Sunday, June 3, 2012

Noise


The rambling bands play late into the night.  A brassy awakening as they stumble down the street in-step but off-key.  Their sound slips down the chimney becoming amplified and resonant between the handmade bricks stacked with plaster. I lie parallel to the street on my raft of slumber as the shrieks of youthful abandon interrupt the obvious flow of this quiet town.  Hours later, before the sun stretches to the horizon, the blackbirds chatter as if to nag it home to warm their nests. 

At seven, the bells one block from my bed remind sleepers there are places to kneel and renew, and if the listeners forget, they ring twice more each half hour, countering the call from Peter’s dreaded bird.  A descendant of this bird sits on the wall of our house, screaming his own praises until the neighbor’s broom restores the silence. 

The paved cobblestone remind me I am in Mexico, as nothing sounds better on cobblestone than a man on a horse.  The shoes of the beast smack the pavement proudly—the same sound as a child bragging his good deed.

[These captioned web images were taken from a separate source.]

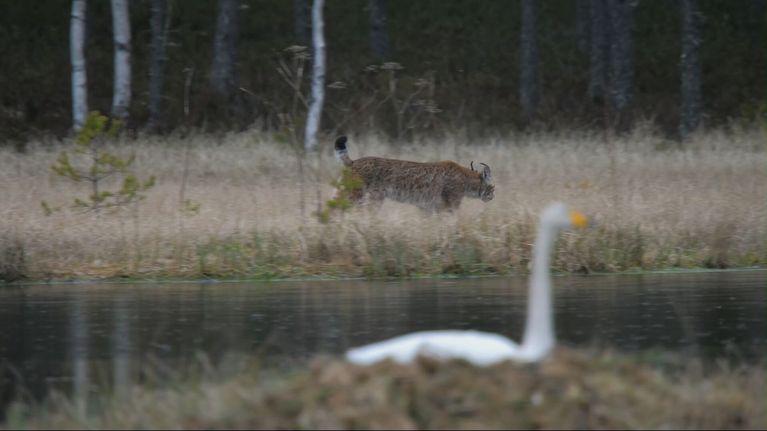 Lokatt och svan på ett träsk. 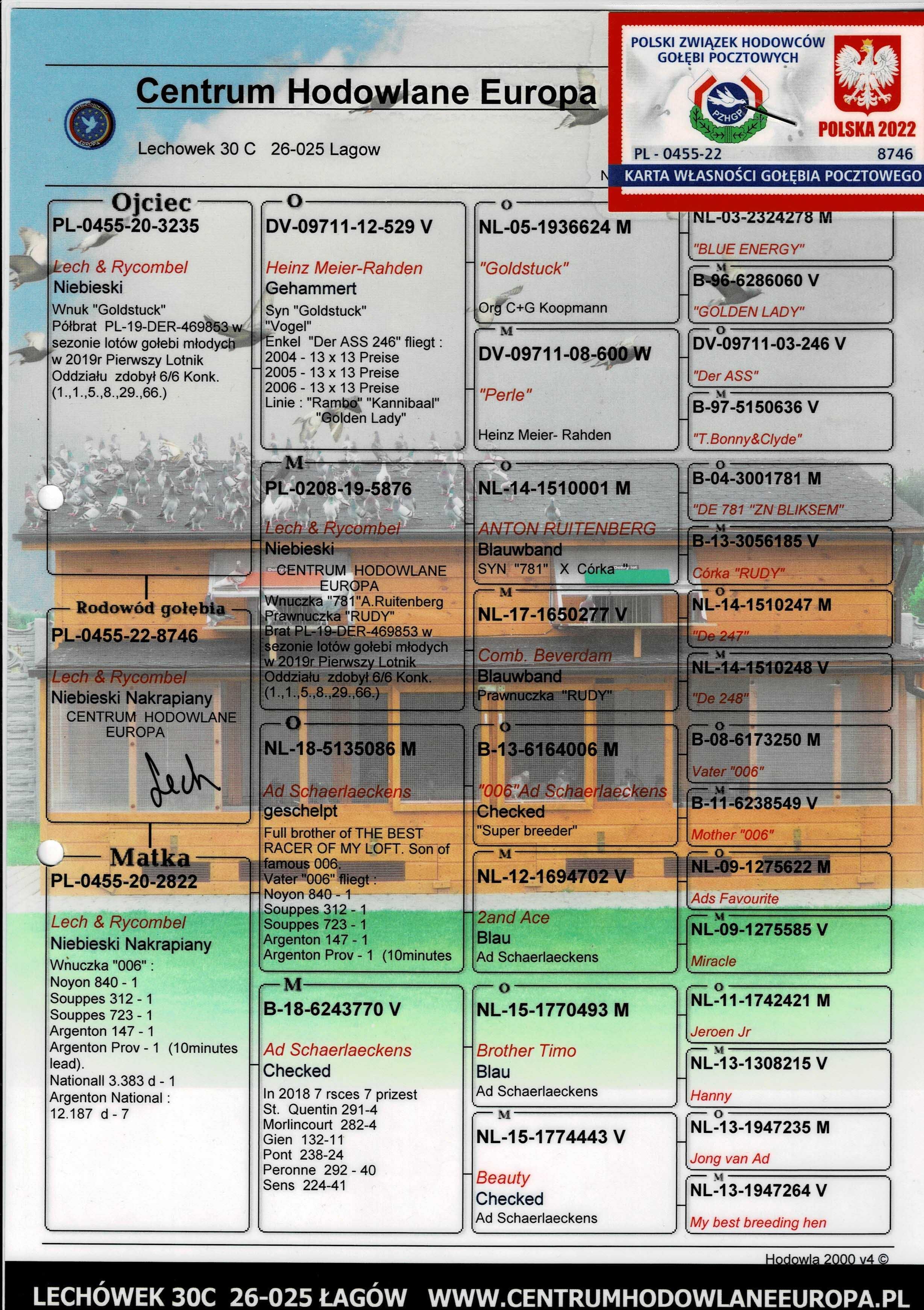 Gołębie pocztowe młode 2025r
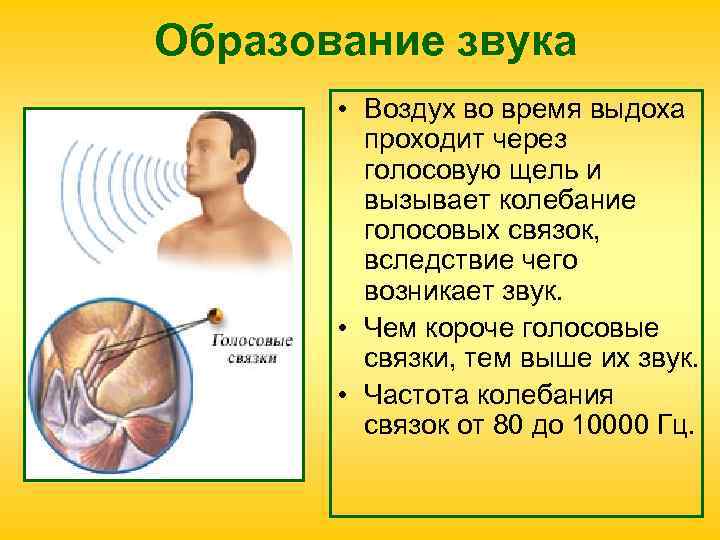 Образование звука • Воздух во время выдоха проходит через голосовую щель и вызывает колебание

As the farmers leave to the fields, herding their animals for a day of grazing, the early commuters join the symphony of what is morning—shuffling their old sandals along their respective paths, murmuring pleasantries.

The abrasive calls of the garbage collectors soon overpower the softness of the dawn.  “Baaasura!” said so loudly and fast the word is indistinguishable shouting to my stupor.  As the trash men pass, the gas men follow, in a large rattling, highly flammable truck.  For such noise, my dreamy imagination puts a young man astride the propane tanks beating an empty canister with a stick—a hero warning the town of the imminent downfall of a household without. 

Sleep can no longer distract me from the world outside my bedroom.  I shake off my blanket of unconsciousness and join the living.